On peut donc, à partir de ces deux romans, s’interroger sur la manière dont leurs auteures « tissent ensemble ce qui relève du documentaire et ce qui relève de la fiction » ((Pour reprendre une expression du critique Ulrich Rüdenauer à propos du roman Landgericht qui nous semble bien définir le projet d’écriture de Ursula Krechel: « das Dokumentarische und Fiktionale auf kunstvolle Weise (…) zu verknüpfen, zu verweben, so dass die Übergänge noch kenntlich sind, aber das Gefundene vom Erfundenen davon getragen wird und das Erfundene vom Gefundenen. », Die Zeit, 09. 10. 2012.)). Comment les deux livres sont-ils « portés » par les recherches documentaires de leurs auteures ? Comment les deux auteures intègrent-elles le matériau documentaire à leur roman ? Comment le retravaillent-elles, comment composent-elles leurs romans, à quelle perspective narrative ont-elles recours ?

Entre travail de documentation et travail de fiction

En ce qui concerne la manière dont les deux romans sont « portés » par des faits réels, il apparaît très clairement, à la lecture des deux livres, que les deux auteures se sont documentées avec une grande précision sur l’histoire des Sinti. 

Le Troisième Reich

Elles font tout d’abord toutes deux une large place à la période du Troisième Reich. Ursula Krechel évoque ainsi, dans le premier chapitre de son roman, la manière dont le régime nazi, dès les années 1930, stigmatise les Sinti, les considérant comme asociaux (G 12), leur interdisant comme aux Juifs tout mariage avec des Allemands (G 15), effectuant sur eux des études pseudo-scientifiques (G 51-54).  Elle aborde également l’arrestation en juillet 1936, avant les Jeux Olympiques, de tous les Sinti et Roma de Berlin qui sont parqués à Marzahn pour éviter de donner au monde une mauvaise image de la ville (G 33-41; 42-43 ; 46-47) ((Regina Scheer y fait également allusion, les grands-parents de Laila y sont internés (GW 290).)).

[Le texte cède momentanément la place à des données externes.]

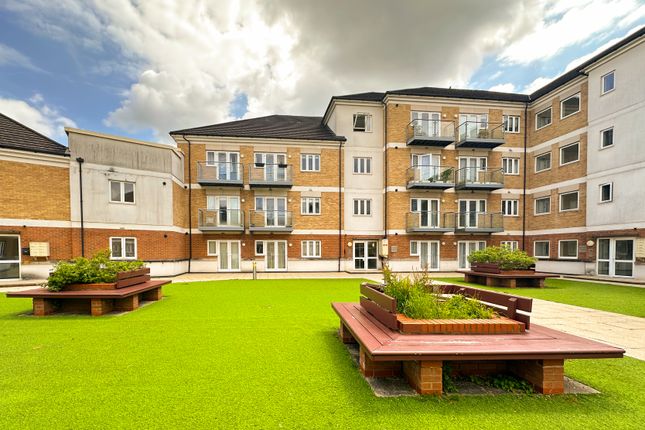 Thumbnail Flat to rent in Hales Court, Ley Farm Close, Watford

Elle évoque enfin la réalité des stérilisations forcées dans le but d’éteindre la minorité rom: La fille aînée de la famille Dorn, Kathi, y est contrainte (G 60-65), ainsi que son frère Josef (G 199). La déportation est bien sûr présente dans les deux romans. Les grands-parents de Laila, un des personnages principaux du roman de Regina Scheer, sont déportés à Auschwitz-Birkenau, puis envoyés dans d’autres camps (GW 292), tandis que tous les membres de la famille Dorn (sauf le fils aîné) se retrouvent à Lublin (G 405) ((Pour écrire l’histoire de la famille Dorn, Ursula Krechel s’est manifestement inspirée de très près du témoignage de Christian Pfeil, Silvia Wolf, op. cit., pp. 114-126.)).

L'après-guerre

Les deux romans évoquent ensuite tous deux la période de l’après-guerre. Dans le quatrième chapitre de son roman, Ursula Krechel décrit ainsi les difficultés des Sinti à voir reconnaître par la RFA les persécutions et les traumatismes subis sous le national-socialisme et à obtenir des indemnisations au prétexte qu’ils auraient été déportés en tant que criminels et non pour des raisons raciales (G 403-411). Regina Scheer n’aborde pas cette question, elle évoque, quant à elle, la situation des Sintis se trouvant sur le territoire polonais et contraints par le gouvernement polonais à quitter la Pologne pour l’Allemagne. C’est ainsi que les grands-parents de Laila et leurs enfants se voient contraints de quitter Chrzanow et se retrouvent dans des trains qui leur rappellent ceux de la déportation. A la frontière, on les informe cependant que les Allemands refusent de les accueillir, son grand-père et deux de ses fils réussissent à sauter du train, tandis que sa grand-mère et son père retournent en Pologne (GW 284-287). Elle évoque aussi les pogroms qui ont lieu dans la Pologne des années 1980 (GW 31) et 1990 (GW 65) ((En 1981, des maisons de Sintis sont incendiées ; en 1991, un pogrom a lieu suite à un accident de voiture mortel provoqué par un Rom. Au sujet de la situation des Sinti et Roma en Pologne cf. https://www.bpb.de/internationales/europa/sinti-und-roma-in-europa/197233/die-polnischen-roma-zwischen-tradition-und-aufbruch-wie-sollt-ihr-leben-hier-auf-dieser-welt.)) et décrit les difficultés d’intégration de Laila et de sa mère Flora dans l’Allemagne des années 1990 (GW 109, 146-8).

L'époque contemporaine

Toutes deux évoquent enfin la période contemporaine et montrent que, même si elles sont le fait d’une minorité, les discriminations à l’encontre des Sinti n’ont pas disparu : Regina Scheer montre, par exemple, la persistance des préjugés à l’œuvre contre les Roms, considérés comme voleurs (le jeune Rom qui crée des sculptures est ainsi accusé par la police d’avoir volé le métal qu’il utilise), tandis qu’Ursula Krechel décrit les attaques dont est l’objet le restaurant tenu par deux des membres de la famille Dorn en s’inspirant de faits réels (cf. note 12). Si Ursula Krechel n’en fait quasiment pas mention, Regina Scheer montre, quant à elle, également le combat mené par les Sinti depuis les années 1980 pour faire reconnaître leur histoire et leur culture, de la pose d’une plaque commémorative à Marzahn en 1986 sans que les Sinti eux-mêmes ne soient invités à la cérémonie (GW 198-200) à l’inauguration en 2012 du monument du Tiergarten déjà évoqué. Elle aborde aussi la question des tensions entre les différentes communautés roms, notamment entre les Sinti qui vivent depuis longtemps en Allemagne et les Roms d’Europe centrale qui sont arrivés plus tardivement, suite à l’éclatement de la Yougoslavie.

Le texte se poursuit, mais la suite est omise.